Web Hosting

As some of you may have noticed our site’s web hosting has had some troubles this month. Many thanks to Jack for working with godaddy.com of Scottsdale, AZ to bring it back online and to Michael for his support and investigation.

While it is by far the largest domain registrar it has had some bad press about it’s SOPA stance, detractors and scrutiny. Wikipedia’s Article gives some background.

I would like to start a discussion about web hosting options people have used. As open source advocates I hope we can find a solid hosting provider that contributes code back to the open source projects they and their customers rely on every day. I know our members have quite a bit of hard won wisdom based on their experiences. Sharing and comparing the services and quality levels of different providers can help us all now and casual readers alike.

We hope you join us for our meetings in Berkeley at Bobby G’s Pizzeria. We meet on the second and fourth Sundays of each month.

2 thoughts on “Web Hosting

  1. I am sure there are many useful comparisons of web hosting providers. Here are several I found that may be useful.
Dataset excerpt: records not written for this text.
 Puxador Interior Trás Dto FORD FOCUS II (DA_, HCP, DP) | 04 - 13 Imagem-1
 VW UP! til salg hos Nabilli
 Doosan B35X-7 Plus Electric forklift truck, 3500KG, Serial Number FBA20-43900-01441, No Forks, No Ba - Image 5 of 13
    As our site is using wordpress software then using http://automattic.com aka http://wordpress.com is a strong possibility. I am sorry I missed this event a few weeks ago. http://2013.sf.wordcamp.org


  2. It may sound odd, but my experience is that setting up a machine and web site is almost problem free compared to using hosting services. This assumes people are willing and able to do the setup and take on content updates and security patches. It also requires continuity over time–I know of a couple of groups that remporarily lost control over their sites (“where’s our machine located?” “The guy who set up the hosting service has disappeared” …).

    One big question: are complex features really necessary? If so, then add installation and configuration of the appropriate software (wordpress, mediawiki, django, or other…). As the (perceived) need for complexity increases I imagine the case for using a hosting provider improves.
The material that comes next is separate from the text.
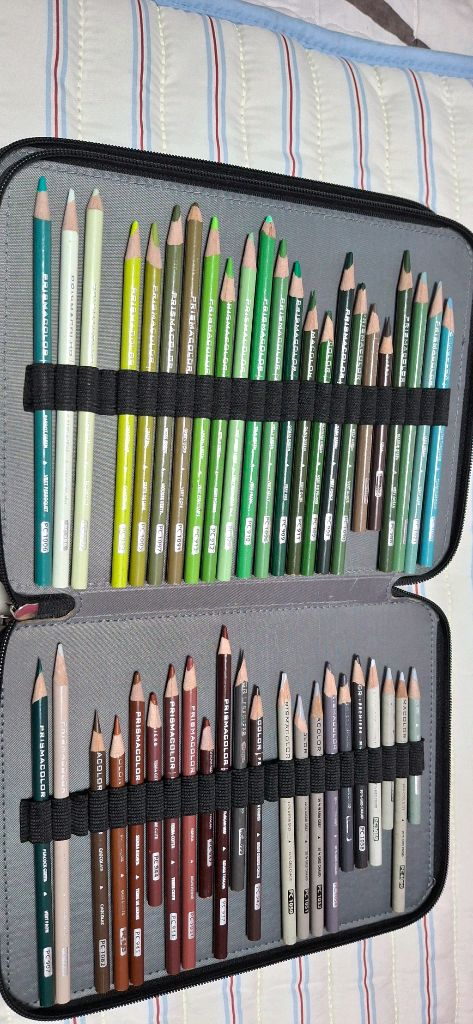 프리즈마 150 + 추가 30개 색연필--2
    Again: what are the real needs? In considering a hosting service, understand the learning curve involved with hosting-specific tools, being corner-cased into that provider, any limitations of tools, and the issue of continuity–be sure more than one person has administrative access, as the disappearance of a one-and-only admin might result in no access at all.

    I like the prinicple of a static home page that links to other pages that may provide streaming media or dynamic behavior. The SF-LUG web site is pretty much an HTML 1.0 page, a static ad page that provides basic information and has a simple script that updates meeting times and dates. Maintenance and update work is a little more than nil. It’s also about as lean and portable as possible: a dozen or so lines of Apache configuration and a directory with an index.html file, a jpeg file, a PHP script, and one or two backup files.

    If needed, we could add links to various internet-available services. I should note that we had set up a bulletin board that got little use, so we abandoned it. As people come and go, so do ideas–beware of getting excited about new ideas that lose support when the original enthusiast disappears.